Another suspect was the keyboard.  I had also had to get a new keyboard and mouse -- because, of course, I was using PS/2 devices previously, and now I had to have USB devices.  It was an inexpensive keyboard, a Logitech K120, and I had noticed that it did not work consistently on the other computer.  It would be working fine, and then there would suddenly be no more keyboard input.  The mouse was still working, but not the keyboard.  At that point, it didn't matter whether the keyboard was connected to that other computer through the KVM or was plugged into it directly; either way, it wouldn't work.  But I hadn't done a scientific study to determine whether it was the keyboard or the USB KVM that was screwing up.

So, putting it together, what had happened in this case was that I was using VMware on computer no. 1 (C1).  The keyboard and mouse had been working fine on both C1 and C2.  I hit the KVM switch button to move to C2.  That's when VMware crashed; and at the same time, suddenly the keyboard was not working on C2.  But the USB mouse would still work.  So it seemed that either the keyboard or the KVM was sending a funky keyboard-related signal to C2.
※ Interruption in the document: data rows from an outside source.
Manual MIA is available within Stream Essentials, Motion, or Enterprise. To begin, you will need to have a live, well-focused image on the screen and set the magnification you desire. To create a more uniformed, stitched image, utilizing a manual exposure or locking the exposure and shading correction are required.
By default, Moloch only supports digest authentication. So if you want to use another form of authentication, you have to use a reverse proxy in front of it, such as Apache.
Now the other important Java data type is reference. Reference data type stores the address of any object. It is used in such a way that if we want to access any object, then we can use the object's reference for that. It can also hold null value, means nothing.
C2 was an older system, and I was in the process of upgrading it, and I thought that might solve the problem.  But in the meantime, I plugged my old PS/2 keyboard into C2 and rebooted, with the new keyboard and KVM still connected to both computers.  In this setup, over a period of days, I observed that the PS/2 keyboard continued to work consistently throughout, but the USB keyboard would sometimes stop working on C2, like before.

Then I had another VMware crash on C1, and that made me decide to try another angle.  I unplugged the KVM from C2.  By this time, I had replaced C2; now it was pretty much the same computer as C1 (same kind of motherboard, CPU, and case).  So now the mouse and keyboard connected to the KVM would work only on C1.  On C2, I kept using the PS/2 keyboard, and added a USB mouse.  If there were still crashes or freezes, I would have a better idea of whether the problem was the new USB keyboard or the new USB KVM.  At this writeup, a couple of weeks later, my recollection was that I did not have any further crashes.
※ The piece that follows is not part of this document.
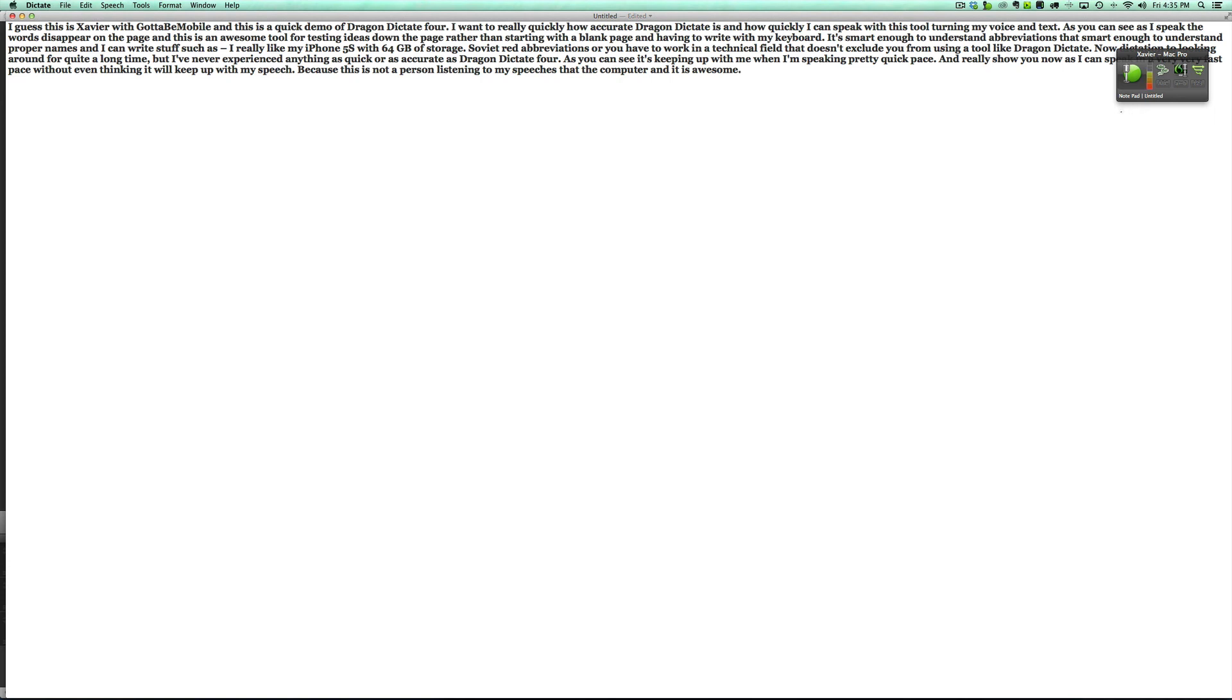New paragraph. So if you like what you see here, go ahead and go to nuance.com or google Dragon Dictate 4 and try this application out.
I decided to send the KVM back to IOGear.  In the interim, I connected my old PS/2 KVM to both computers, and used it only with the PS/2 keyboard.  So now I had a separate USB mouse for each computer, but only one keyboard for both of them.  It took a while to get used to switching mice when I switched the keyboard from one computer to the other, but the point here is that there were no further crashes.  I had to wait for the replacement KVM to arrive from IOGear before I could say for sure whether it was the keyboard or the KVM; but by that point I had decided to stop using VMware on Ubuntu,

2 comments:

raywood

Another example of how it can be *really bad* when your VMware Workstation has an unrecoverable error.

Anonymous

Thanks for this hints!

I my case i stopped my running vnc servers to solve the issue!